Retrospective: Machine Translation

Acclaro's 10th anniversary is fast approaching, and today we want to take a look at one of the more striking changes in the translation services industry over the past decade: machine translation, or MT. There are two basic types of machine translation technology, rule-based and stats-based systems:

Rule-Based Machine Translation Technology

Rule-based machine translation relies on built-in linguistic rules and millions of bilingual dictionaries for each language pair. This process requires extensive lexicons with morphological, syntactic, and semantic information, outlining how the information is parsed and displayed. The software then uses these complex rule sets and then transfers the grammatical structure of the source language into the target language.

Users can improve the out-of-the-box translation quality by adding their terminology into the translation process, on an as-needed basis.
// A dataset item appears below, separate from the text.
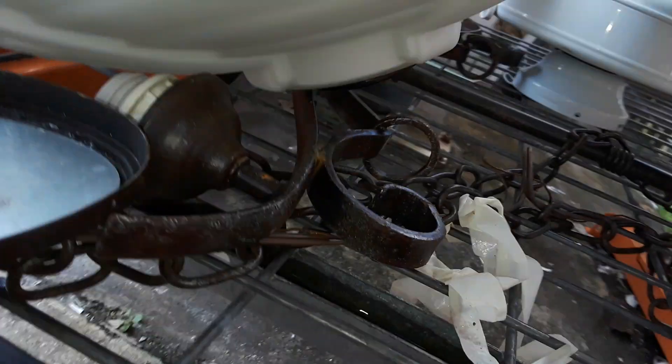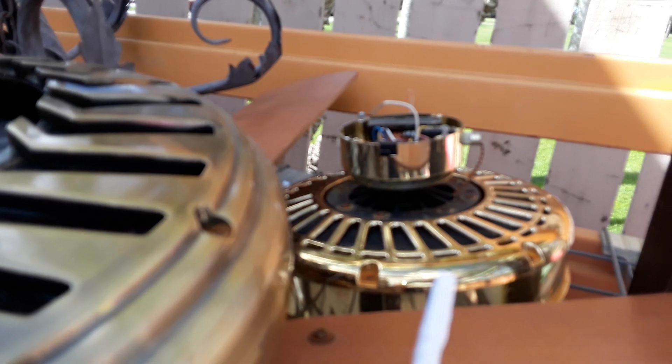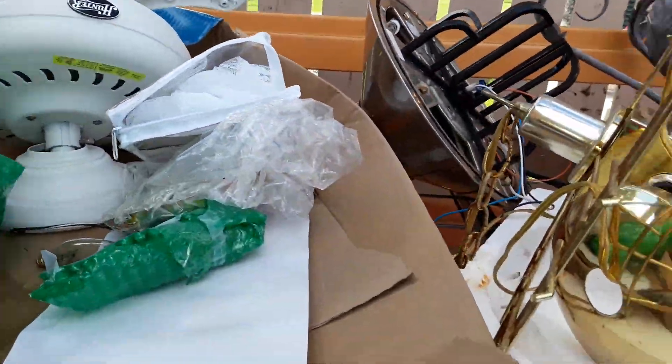Can I view the bottom here? This thing here looks like a Casablanca. It's a little rusty because it's outside. I don't know why they keep fans outside. It does not make any sense.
They create user-defined dictionaries which override the system's default settings.

Ten years ago, rule-based MT systems (like Systran) were pretty much the only game in town. While rule-based MT worked well for large companies with straightforward terminology, like the automotive or manufacturing industries, it wasn't the best option for many others, like marketing translations. All that changed with Google Translate, which works on a very different model.

Statistical Machine Translation Technology

Statistical machine translation analyzes and indexes of huge amounts of monolingual and bilingual corpora (a.k.a. sets of existing translations). We're not kidding: a minimum of 2 million words for a specific domain and even more for general language are required before stats-based MT can really function effectively. As a result, statistical machine translation is CPU intensive and requires an extensive hardware configuration to run translation models for average performance levels. However, you gain access to a much greater and more diverse pool of possible translations, thereby increasing the odds of getting good quality from the start.

Google Translate is probably the largest and best-known stats-based system, and for good reason: Google has been indexing translations for years, so they have a large and varied resource base.

What's the difference?

Rule-based MT provides good out-of-domain quality and is by nature predictable. Dictionary-based customization guarantees improved quality and compliance with corporate terminology, but translation results may lack the fluency readers expect. In terms of investment, the customization cycle needed to reach the quality threshold can be long and costly. The performance is high even on standard hardware.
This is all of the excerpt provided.